Cement demand to continue uptrend with 7-9% rise next fiscal: Crisil

The operating margins, which were under pressure due to elevated prices of key inputs such as coal and petcoke, will have a bearing on the credit risk profiles of players, according to a report by Crisil Market Intelligence & Analytics.

Cement demand to continue uptrend with 7-9% rise next fiscal: Crisil
Disparity in hike in cement prices and cost pressures culled operating margin to about 13.6% over the first nine months of this fiscal

The cement demand in the country is set for a third straight year of growth with a 7-9% jump to about 425 million tonne (MT) in fiscal 2024, while the outlook for operating margins remain clouded.

The operating margins, which were under pressure due to elevated prices of key inputs such as coal and petcoke, will have a bearing on the credit risk profiles of players, according to a report by Crisil Market Intelligence & Analytics.

Cement demand grew 11% on year in the first 10 months of this fiscal, led by rapid execution in infrastructure projects and strong traction in the real estate and rural affordable housing segments. The momentum is likely to stay healthy in the remaining months of this fiscal as it is a seasonally strong period for construction activity across regions.

The next fiscal would again see the infrastructure and affordable rural housing segments propelling growth. The highest traction is expected from roads, where the total outlay for the ministry of road transport and highways has risen by 25% on a year-on-year basis and the National Highways Authority of India by 14%. The outlay for affordable rural housing under the Pradhan Mantri Awas Yojana – Gramin (PMAY-G) has also grown 12.5% in a pre-election year.

“Strong demand is likely to lead to incremental sales volume of 30-35 MT in fiscal 2024 after a cumulative rise of 68 MT over fiscals 2022 and 2023. This translates into a demand growth of 30% since fiscal 2021, taking the total volume to ~425 MT in fiscal 2024. Demand growth is likely to be starker in central and eastern regions, which account for over 80% of PMAY-G construction,” Hetal Gandhi, director (research) at Crisil Market Intelligence and Analytics, said.

The growth in operating margins looks uncertain against the backdrop of about 80% rise in power and fuel cost — comprising 30-35% of production cost — since fiscal 2021. The increase has been driven by a steep rise in coal and petcoke prices owing to global supply constraints, which were further aggravated by the Russia-Ukraine conflict.

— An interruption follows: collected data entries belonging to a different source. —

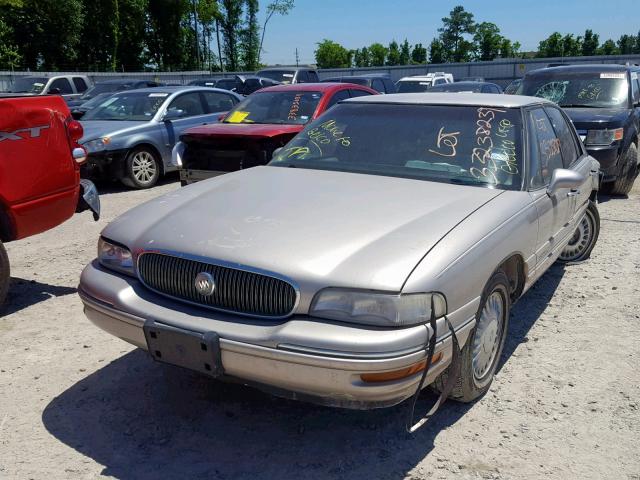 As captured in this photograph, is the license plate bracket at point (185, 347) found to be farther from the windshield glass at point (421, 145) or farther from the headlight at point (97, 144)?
the headlight at point (97, 144)

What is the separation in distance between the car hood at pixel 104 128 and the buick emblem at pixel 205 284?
6878mm

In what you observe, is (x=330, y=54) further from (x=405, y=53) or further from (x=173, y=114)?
(x=173, y=114)

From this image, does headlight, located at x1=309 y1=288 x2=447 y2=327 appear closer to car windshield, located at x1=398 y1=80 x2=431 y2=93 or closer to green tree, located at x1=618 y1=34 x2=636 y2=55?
car windshield, located at x1=398 y1=80 x2=431 y2=93

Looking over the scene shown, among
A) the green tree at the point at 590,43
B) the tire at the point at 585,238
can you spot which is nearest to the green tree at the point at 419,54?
the green tree at the point at 590,43

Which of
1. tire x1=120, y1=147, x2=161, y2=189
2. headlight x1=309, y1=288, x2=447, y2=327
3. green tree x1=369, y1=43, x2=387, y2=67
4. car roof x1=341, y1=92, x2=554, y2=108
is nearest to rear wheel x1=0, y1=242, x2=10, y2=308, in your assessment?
car roof x1=341, y1=92, x2=554, y2=108

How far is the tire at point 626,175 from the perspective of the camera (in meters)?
8.33

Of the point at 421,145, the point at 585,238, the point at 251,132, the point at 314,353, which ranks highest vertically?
the point at 421,145

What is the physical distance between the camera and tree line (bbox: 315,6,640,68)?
256 ft

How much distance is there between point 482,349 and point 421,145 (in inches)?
52.9

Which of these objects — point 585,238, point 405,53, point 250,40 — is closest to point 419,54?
point 405,53

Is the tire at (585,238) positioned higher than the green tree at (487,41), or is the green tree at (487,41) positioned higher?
the green tree at (487,41)

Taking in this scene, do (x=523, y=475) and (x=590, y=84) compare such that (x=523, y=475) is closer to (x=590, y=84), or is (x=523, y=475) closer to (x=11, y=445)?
(x=11, y=445)

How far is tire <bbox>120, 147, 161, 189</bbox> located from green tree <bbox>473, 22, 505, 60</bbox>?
84.4 metres

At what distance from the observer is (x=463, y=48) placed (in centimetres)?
9038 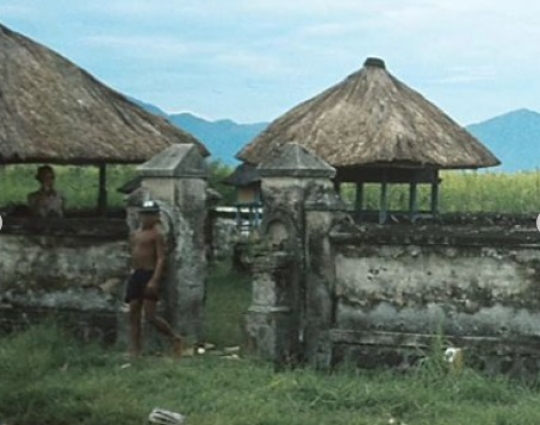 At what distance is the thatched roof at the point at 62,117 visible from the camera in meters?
17.0

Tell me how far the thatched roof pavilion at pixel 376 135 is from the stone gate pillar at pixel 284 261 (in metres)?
8.88

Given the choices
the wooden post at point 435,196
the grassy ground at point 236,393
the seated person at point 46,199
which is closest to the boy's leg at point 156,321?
the grassy ground at point 236,393

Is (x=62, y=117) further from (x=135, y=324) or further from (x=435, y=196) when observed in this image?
(x=435, y=196)

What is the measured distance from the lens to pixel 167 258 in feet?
42.0

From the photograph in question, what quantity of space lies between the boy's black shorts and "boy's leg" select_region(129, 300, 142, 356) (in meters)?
0.06

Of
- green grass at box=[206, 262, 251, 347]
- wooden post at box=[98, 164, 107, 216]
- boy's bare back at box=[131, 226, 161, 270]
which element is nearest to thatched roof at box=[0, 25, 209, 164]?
wooden post at box=[98, 164, 107, 216]

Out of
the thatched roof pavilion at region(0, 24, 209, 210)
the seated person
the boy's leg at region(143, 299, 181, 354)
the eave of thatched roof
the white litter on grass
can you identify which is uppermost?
the thatched roof pavilion at region(0, 24, 209, 210)

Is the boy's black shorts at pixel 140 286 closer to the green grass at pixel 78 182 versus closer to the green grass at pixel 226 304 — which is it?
the green grass at pixel 226 304

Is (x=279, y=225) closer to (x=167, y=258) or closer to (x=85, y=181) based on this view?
(x=167, y=258)

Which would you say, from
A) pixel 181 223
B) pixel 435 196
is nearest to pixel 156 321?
pixel 181 223

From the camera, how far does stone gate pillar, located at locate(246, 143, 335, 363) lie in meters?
11.9

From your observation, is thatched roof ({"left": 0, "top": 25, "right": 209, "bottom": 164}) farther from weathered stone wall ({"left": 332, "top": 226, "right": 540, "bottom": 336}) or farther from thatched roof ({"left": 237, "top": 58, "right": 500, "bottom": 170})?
weathered stone wall ({"left": 332, "top": 226, "right": 540, "bottom": 336})

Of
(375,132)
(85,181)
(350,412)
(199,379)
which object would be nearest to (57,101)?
(375,132)

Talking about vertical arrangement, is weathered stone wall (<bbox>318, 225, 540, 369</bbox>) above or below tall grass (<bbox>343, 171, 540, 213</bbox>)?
below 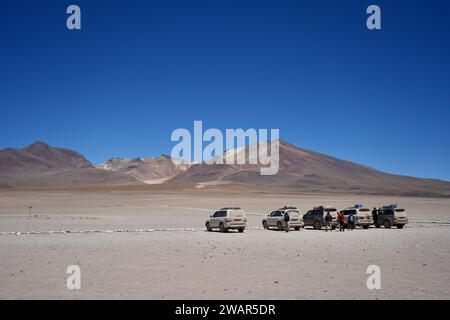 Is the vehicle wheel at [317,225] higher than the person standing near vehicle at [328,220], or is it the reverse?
the person standing near vehicle at [328,220]

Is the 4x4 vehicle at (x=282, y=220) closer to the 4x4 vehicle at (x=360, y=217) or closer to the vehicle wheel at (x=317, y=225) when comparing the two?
the vehicle wheel at (x=317, y=225)

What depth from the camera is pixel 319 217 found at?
37031mm

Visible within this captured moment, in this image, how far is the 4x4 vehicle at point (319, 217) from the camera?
36.3 metres

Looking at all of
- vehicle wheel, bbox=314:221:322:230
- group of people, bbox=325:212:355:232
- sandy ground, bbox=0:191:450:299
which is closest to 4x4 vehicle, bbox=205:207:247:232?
group of people, bbox=325:212:355:232

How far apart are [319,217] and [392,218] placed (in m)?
5.46

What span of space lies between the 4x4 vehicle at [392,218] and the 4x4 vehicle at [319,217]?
4.42m

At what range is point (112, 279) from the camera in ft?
42.4

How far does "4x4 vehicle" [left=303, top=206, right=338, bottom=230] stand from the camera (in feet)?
119

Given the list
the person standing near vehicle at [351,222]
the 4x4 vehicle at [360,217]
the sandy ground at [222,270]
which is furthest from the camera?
the 4x4 vehicle at [360,217]

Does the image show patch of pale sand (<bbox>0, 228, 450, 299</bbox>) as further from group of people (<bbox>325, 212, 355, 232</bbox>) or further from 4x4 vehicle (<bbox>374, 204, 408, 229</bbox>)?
4x4 vehicle (<bbox>374, 204, 408, 229</bbox>)

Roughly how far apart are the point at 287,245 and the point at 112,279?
11.2m

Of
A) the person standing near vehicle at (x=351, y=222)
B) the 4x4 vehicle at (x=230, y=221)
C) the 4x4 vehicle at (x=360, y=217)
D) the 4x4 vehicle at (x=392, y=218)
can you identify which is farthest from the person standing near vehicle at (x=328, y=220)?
the 4x4 vehicle at (x=230, y=221)

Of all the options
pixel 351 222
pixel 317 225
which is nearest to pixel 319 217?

“After hitting a decadal low of sub-10% in the second quarter of this fiscal, the industry’ margin improved 390 basis points (bps) sequentially in the third quarter to 13.8% with the softening of fuel prices and the impact of cement price hikes. A meaningful recovery in operating margin, however, will depend on sustained softening of fuel prices. Conversely, an increase in input prices could delay recovery and can impact both margins and credit profiles of cement players,” Koustav Mazumdar, associate director-research at Crisil Market Intelligence and Analytics, said.

Disparity in hike in cement prices and cost pressures culled operating margin to about 13.6% over the first nine months of this fiscal, down 800 BPS on year and lower than the decadal average of 17-18%. But while coal prices remain elevated, international petcoke prices have begun easing since the second quarter of this fiscal (about 23% on-quarter decline) and dipped further (3% quarter-on-quarter) in the third quarter, in tandem with crude oil prices.

Domestic petcoke prices have followed suit. Further, easing of coal and pet coke prices were witnessed over January and February 2023, which will support margins going ahead, it added.